Department of Pharmacy, Yale New Haven Hospital, New Haven, CT, USA.
Bethany, CT, USA.
Am J Health Syst Pharm. 2022 Nov 7;79(22):2047-2052. doi: 10.1093/ajhp/zxac209.
To expand health-system specialty pharmacy (HSSP) clinical continuity by implementing a specialty integrated model for clinical services in target sites.
After evaluation of baseline clinical continuity and institutional goals, select clinics were identified as target sites to which to expand this integrated approach of a medication management clinic (MMC). In this MMC model, the key steps included engaging stakeholders, workflow training, optimization of the electronic health record, service evaluation, compliance with regulatory standards, and development of marketing strategies. The initial focus was development of innovative collaborative practice agreements (CPAs) to expand the scope of ambulatory care pharmacists' practice. Analysis of existing specialty and ambulatory workflows and technology was completed before development of the integrated workflow. Existing credentialing policies were updated to support expanded practices, and marketing collaterals were developed to support growth of pharmacy referrals. Meetings with stakeholders took place to ensure smooth transitions into integrated areas. Primary endpoints included clinical continuity, as determined by prescription orders placed within the health system sent to the HSSP, and number of signed referrals to MMC. Secondary endpoints included disease state-specific clinical outcomes as well as overall outcomes such as medication adherence, laboratory test adherence, immunization rates, and patient and clinician satisfaction. An MMC model was successfully implemented in 5 target specialty practices. Specialty clinic CPAs were developed for rheumatology and digestive health (including viral hepatitis). Since implementation, clinical continuity increased 23% and referrals exceeded the target at 165%. Data on secondary endpoints are currently being collected to evaluate quality of pharmacy services. Pharmacy services have enhanced patient care and received positive feedback from clinicians.

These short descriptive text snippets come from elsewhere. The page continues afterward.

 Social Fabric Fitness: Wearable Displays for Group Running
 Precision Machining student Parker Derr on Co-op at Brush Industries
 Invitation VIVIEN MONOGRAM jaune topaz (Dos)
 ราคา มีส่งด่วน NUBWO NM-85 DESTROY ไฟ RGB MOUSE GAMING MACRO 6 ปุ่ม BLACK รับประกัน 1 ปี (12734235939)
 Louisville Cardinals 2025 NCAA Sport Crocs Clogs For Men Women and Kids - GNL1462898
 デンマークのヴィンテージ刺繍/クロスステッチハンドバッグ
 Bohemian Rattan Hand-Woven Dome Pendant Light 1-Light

Expansion of integrated decentralized pharmacists into target practices has increased clinical continuity and the number of pharmacist referrals. Clinicians have regarded pharmacists as vital members of the team. Creation of additional specialty CPAs will be needed to support further growth in other clinics.
通过在目标站点实施专门的临床服务综合模式,扩大医疗系统专业药房(HSSP)的临床连续性。

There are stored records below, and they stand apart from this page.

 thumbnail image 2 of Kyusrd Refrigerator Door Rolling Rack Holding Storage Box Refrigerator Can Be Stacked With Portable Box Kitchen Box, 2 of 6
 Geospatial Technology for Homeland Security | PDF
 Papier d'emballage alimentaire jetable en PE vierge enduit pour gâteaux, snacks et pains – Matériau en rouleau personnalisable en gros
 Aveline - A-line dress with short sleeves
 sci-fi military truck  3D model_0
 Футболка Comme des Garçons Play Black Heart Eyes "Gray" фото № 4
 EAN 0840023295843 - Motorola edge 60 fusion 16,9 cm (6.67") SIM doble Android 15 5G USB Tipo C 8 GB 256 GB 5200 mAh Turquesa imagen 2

在评估基线临床连续性和机构目标后,选择了一些诊所作为目标站点,以扩展这种药物管理诊所(MMC)的综合方法。在这个 MMC 模型中,关键步骤包括让利益相关者参与、工作流程培训、优化电子健康记录、服务评估、遵守监管标准以及制定营销策略。最初的重点是制定创新的合作实践协议(CPA),以扩大门诊药师实践的范围。在开发综合工作流程之前,完成了对现有专业和门诊工作流程和技术的分析。更新了现有的认证政策,以支持扩大实践,制定营销材料,以支持药房转介的增长。与利益相关者举行会议,以确保平稳过渡到综合领域。主要终点包括通过发送到 HSSP 的健康系统内处方订单来确定的临床连续性,以及签署的 MMC 转介数量。次要终点包括特定疾病状态的临床结果以及药物依从性、实验室测试依从性、免疫接种率和患者和临床医生满意度等总体结果。MMC 模型已成功在 5 个目标专业实践中实施。为风湿病和消化健康(包括病毒性肝炎)制定了专门的诊所 CPA。自实施以来,临床连续性提高了 23%,转介量超过了 165%的目标。目前正在收集关于次要终点的数据,以评估药房服务的质量。药房服务增强了患者护理,并得到了临床医生的积极反馈。
将综合分散的药剂师扩展到目标实践中,增加了临床连续性和药剂师转介数量。临床医生认为药剂师是团队的重要成员。需要创建更多的专业 CPA,以支持其他诊所的进一步增长。